I have actually had students take months of lessons in secret and then surprise their girlfriend by talking to them in Filipino. What a wonderful surprise it was! And a great reason to learn Filipino!

Other students wish to learn Tagalog because they are moving to the Philippines, and they realize knowing the language will help them in their day-to-day life. As mentioned, English is widely spoken in the Philippines, but it can still sometimes be difficult to communicate without knowing Filipino.

If you are in Manila, it’s easier to get by speaking only English. Still, if you go into the more rural areas (we refer to these areas of the Philippines as the Province), it will be significantly harder to communicate if you don’t know how to speak Tagalog.

Also, as you can probably imagine, there’s a strong correlation between the level of education and English proficiency. In other words, you shouldn’t have a hard time communicating with your doctor or dentist in English. But you might have a problem telling your taxicab driver how to get to the doctor’s office. It will also make it much easier in situations such as negotiating prices in street markets or the fare with a tricycle driver if you know how to speak Tagalog.

And if my student wishes to learn about the Philippines’ culture, I’m more than happy to help them with that as well. Because I believe that fitting in isn’t just about learning Tagalog, it’s about understanding the local culture. What is considered polite. And what is considered impolite. And understanding Tagalog slang and idioms. And knowing what’s important to Filipinos. And what is essential to know if you are in the Philippines.

Public Market in the Philippines.

Public Market in the Philippines.

In summary, I believe it’s much more important to teach my students what they need to best function in day-to-day situations. And how to speak and understand Tagalog as quickly as possible. In my career, I’ve had the privilege of teaching students from over 31 different countries. This experience has helped me become a better language teacher. And give me the confidence in knowing that if you wish to learn to speak Filipino, I can help you too.

 

 

 

FAQs

 

Is Tagalog hard to learn?

Many prospective students come to me with the question, is Tagalog hard to learn? If your current language is based on the Latin alphabet, or if you already know some Spanish or English, Tagalog is easier to learn than a language based on a different alphabet, like Japanese or Chinese. But in general, learning always depends on the student’s aptitude, motivation, desire to learn Tagalog, and how hard they work at learning. But in general, Tagalog is a more straightforward language to learn than many.

 

How long should it take to learn Tagalog?

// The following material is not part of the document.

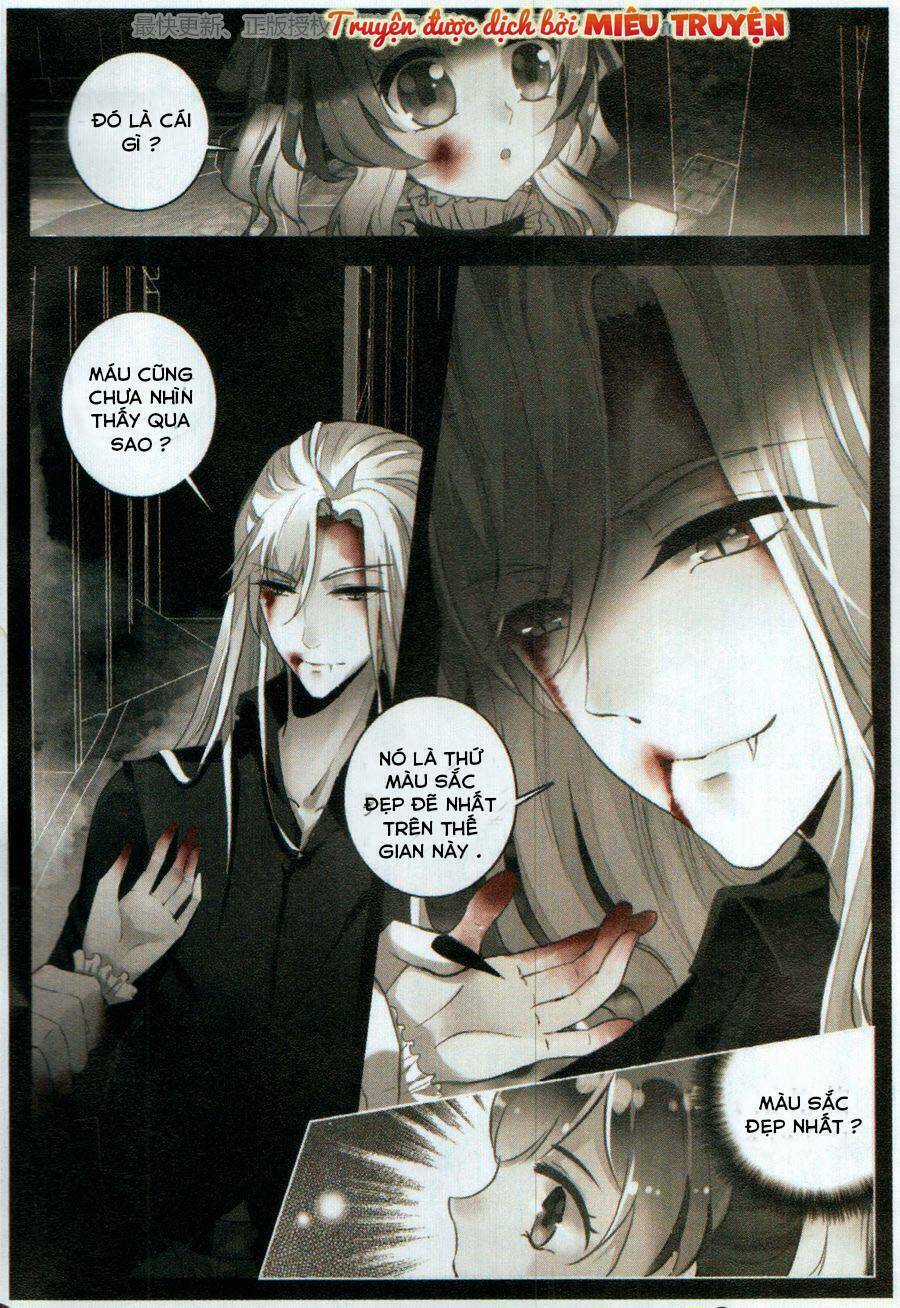 Kỵ sĩ dạ tường vy - Chapter 2 - Trang 4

This depends on the particular student, but with a good Tagalog teacher, a motivated and focused student with a strong aptitude for learning, 20 lessons should be enough to be able to engage in some basic Tagalog communication. Most students take 40 to 60 lessons, which typically puts them at a conversational Tagalog level This is of course, assuming the student practices outside of Tagalog class, too.

 

Will I benefit if I just learn basic Tagalog?

Yes, of course. I have many students that just come to me to learn basic Tagalog for many reasons. Some will be visiting the Philippines for a short period, and they don’t want to invest the time to speak Tagalog fluently. Some just want to give instructions to a cab driver, have a basic Tagalog conversation with a street vendor, or ask for directions. And while most Filipinos speak at least some English, there are many benefits if you can speak basic Tagalog.

 

Can you help me learn Tagalog for beginners?

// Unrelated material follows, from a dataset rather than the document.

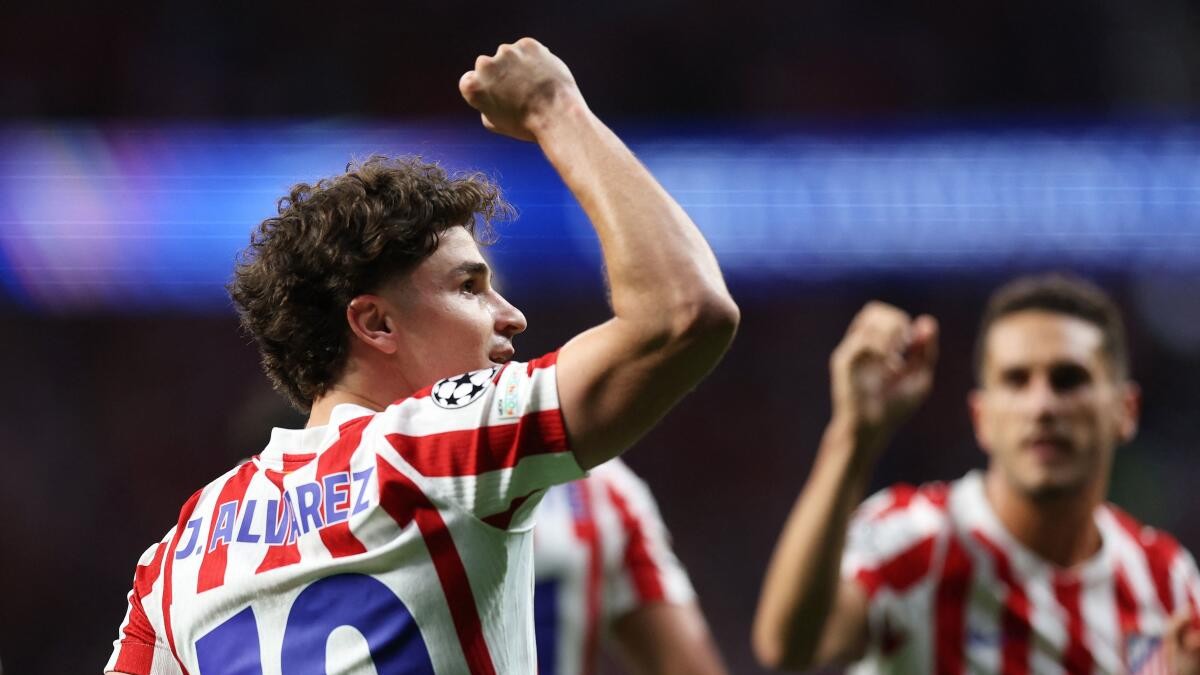 UEFA Champions League: Atletico Madrid hit back to hold Arsenal in cagey first leg semifinal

Yes, much of my teaching is devoted to Tagalog lessons for beginners. In fact, a good 70% of my students know little or no Tagalog when we start with their lessons. This is why my Tagalog lessons are designed to help students learn Tagalog as a second language. In fact, I teach so many Tagalog lessons for beginners that I have devoted a significant amount of time refining my Tagalog lessons to learn Tagalog quickly and easily.